The following summer, Clara visits Heidi there. They go to the pastures and Heidi shows Clara all the beauty of her world. Peter gets terribly jealous, and in a moment when he feels unobserved, he pushes the empty wheelchair down to the valley so it gets smashed. Clara wants to see the flowers and is forced to walk - and her desire is strong enough that she overcomes her handicap. Healings at body, spirit and soul in that healthy Alpine world - end well, all well.
Heidi: One Interpretation
At first sight, Heidi is an emotional story dealing with primitive fears; the anxiety of the child to be without parents and to be displaced.

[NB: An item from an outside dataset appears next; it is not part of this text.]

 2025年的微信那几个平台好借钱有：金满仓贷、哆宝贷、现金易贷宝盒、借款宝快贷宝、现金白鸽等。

Heidi is loved as a child of nature, a symbol for romanticism and lost innocence.
The story reminds readers of the end of the 19th century when authoress Johanna Spyri coming from a peasant village Hirzel am Albis lived in Zurich and shared the feelings of insecurity with thousands of workers displaced by the compulsions of the industrialisation. Moving out of rural Switzerland into modern cities was sort of a "cultural shock" for most of them. Besides they had to struggle hard to find their place, not only economically, but also emotionally.
Johanna Spyri's Heidi-story tries to give orientation in a world shaken by rapid social change, a world in disorder that makes people feel insecure - and this is exactly what makes the story attractive today in view of neoliberalism and globalization.
The foundation on an alpine nature is, however, but one element of the story and one should not have an isolated view on it. Heidi as presented by Johanna Spyri does not return into the alpine world as if she had never been to the metropolitan city - to the contrary: Heidi makes use of what she has learned. Johanna Spyri does not opt for a retreat into a idealized sweet world (as grandfather does in his frustration about mankind), neither for an obstinate keeping to simple views (as Geissenpeter, who is too lazy to learn reading and writing). To the contrary: Johanna Spyri wants to empower people to accept new challenges while keeping a good heart like Heidi, who is able to read stories to Peter's blind grandmother and even moves her unsociable grandfather to return into the village community.